GuidesAPI ReferenceDiscussions
GuidesBlogPlatform

Tracking DataStage

Overview

With Databand, you can track the execution of your DataStage jobs. This is achieved through the use of a syncer that will scan your DataStage project every few seconds and report on collected metadata from any jobs that have been run. With the metadata collected, you can enable powerful alerting to notify your data team on the health of your jobs and the quality of your inputs and outputs.

Available Alerting

Databand natively offers the following alerts for your DataStage job runs:

  • Run and task state alerts (e.g. running, successful, failed, etc.)
  • Run duration alerts
    • anomaly detection
    • percent ranges (e.g. duration within 20% of 100 seconds)
    • basic comparison operators (e.g. duration > 100 seconds)
  • Schema changes for inputs and outputs
    • new columns added
    • old columns removed
    • datatypes of existing columns changed
  • Record counts for inputs and outputs
    • anomaly detection
    • percent ranges (e.g. record count within 20% of 100,000 rows)
    • basic comparison operators (e.g. record count > 100,000 rows)

Creating a DataStage Syncer:

To begin monitoring your DataStage project in Databand, start by creating a DataStage syncer in the Databand UI:

  1. Click on Integrations in the lefthand menu.

  2. Click the Connect button under DataStage.

    datastage syncer

  3. Choose whether you are an on-prem user or a cloud user in the following popup:

    datastage user type

  4. Follow the additional steps in the section below that is relevant to your user type:

On-prem users

  1. In the syncer configuration, provide the following details, and then proceed to step 6:

    add datastage on-prem syncer

    • Syncer name - This will become the name of your DataStage syncer in the Databand UI.

    • Hostname - The URL you use to access your on-prem installation of DataStage.

    Select authentication method:

    • Basic authentication

      • Username/Password - The credentials you use to access your on-prem installation of DataStage.

    Advanced settings:

    • Number of threads - The number of concurrent threads to use on the DataStage API client. The default recommended value is 2.

Cloud users

  1. In the syncer configuration, provide the following details, and then proceed to step 6:

    add datastage cloud syncer

    • Syncer name - This will become the name of your DataStage syncer in the Databand UI.

    • API key - The API key will allow Databand to authenticate with your DataStage project. To generate a new API key for your user identity, follow these steps outlined in the IBM documentation.

    Advanced Settings:

    • Number of threads - The number of concurrent threads to use on the DataStage API client. The default recommended value is 2.

All users

  1. After providing the required parameters, click Next.

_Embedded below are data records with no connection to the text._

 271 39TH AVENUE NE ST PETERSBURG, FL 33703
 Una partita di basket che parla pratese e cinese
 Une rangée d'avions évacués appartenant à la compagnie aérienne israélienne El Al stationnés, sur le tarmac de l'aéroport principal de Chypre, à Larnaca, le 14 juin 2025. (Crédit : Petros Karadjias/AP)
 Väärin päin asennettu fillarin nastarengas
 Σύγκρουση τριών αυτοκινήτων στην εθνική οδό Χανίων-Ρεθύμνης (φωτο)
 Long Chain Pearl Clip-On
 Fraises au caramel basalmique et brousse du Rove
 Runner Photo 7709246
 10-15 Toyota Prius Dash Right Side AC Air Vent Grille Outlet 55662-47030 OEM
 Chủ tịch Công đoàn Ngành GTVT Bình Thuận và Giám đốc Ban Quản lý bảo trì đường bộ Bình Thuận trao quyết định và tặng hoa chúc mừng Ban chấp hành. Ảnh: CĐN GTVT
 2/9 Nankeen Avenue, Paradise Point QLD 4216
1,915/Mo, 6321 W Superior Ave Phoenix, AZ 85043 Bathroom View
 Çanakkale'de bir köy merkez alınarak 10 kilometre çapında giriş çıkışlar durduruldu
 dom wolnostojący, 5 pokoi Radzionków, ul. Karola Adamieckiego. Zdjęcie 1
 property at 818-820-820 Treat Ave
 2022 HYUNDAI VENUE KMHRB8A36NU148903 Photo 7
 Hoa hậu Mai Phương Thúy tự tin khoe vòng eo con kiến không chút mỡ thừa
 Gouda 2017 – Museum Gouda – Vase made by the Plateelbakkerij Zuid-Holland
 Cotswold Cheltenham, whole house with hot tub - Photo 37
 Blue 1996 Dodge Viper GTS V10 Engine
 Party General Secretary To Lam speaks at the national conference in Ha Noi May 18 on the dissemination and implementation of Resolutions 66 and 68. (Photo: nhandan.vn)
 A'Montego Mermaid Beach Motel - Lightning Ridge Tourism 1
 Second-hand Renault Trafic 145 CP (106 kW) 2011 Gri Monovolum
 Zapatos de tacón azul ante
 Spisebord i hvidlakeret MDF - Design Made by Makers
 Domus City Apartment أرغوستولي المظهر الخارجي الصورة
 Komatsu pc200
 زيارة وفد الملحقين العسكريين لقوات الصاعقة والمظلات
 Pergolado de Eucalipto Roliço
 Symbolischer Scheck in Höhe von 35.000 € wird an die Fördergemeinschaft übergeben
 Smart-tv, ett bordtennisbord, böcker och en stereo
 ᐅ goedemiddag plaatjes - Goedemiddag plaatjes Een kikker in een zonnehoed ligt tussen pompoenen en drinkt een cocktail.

  2. You will be taken to a list of all DataStage projects that are accessible based on the authentication method previously provided. This will include any projects you've created yourself as well as any projects that have been shared with you. Select the projects that you would like for the syncer to monitor, and then click Save.

    datastage projects list

    NOTE: A DataStage project can only be monitored by a single syncer in Databand. If any of the projects to which you have access have already been added to another Databand syncer, those projects will be grayed out, and you will be unable to add them to your syncer.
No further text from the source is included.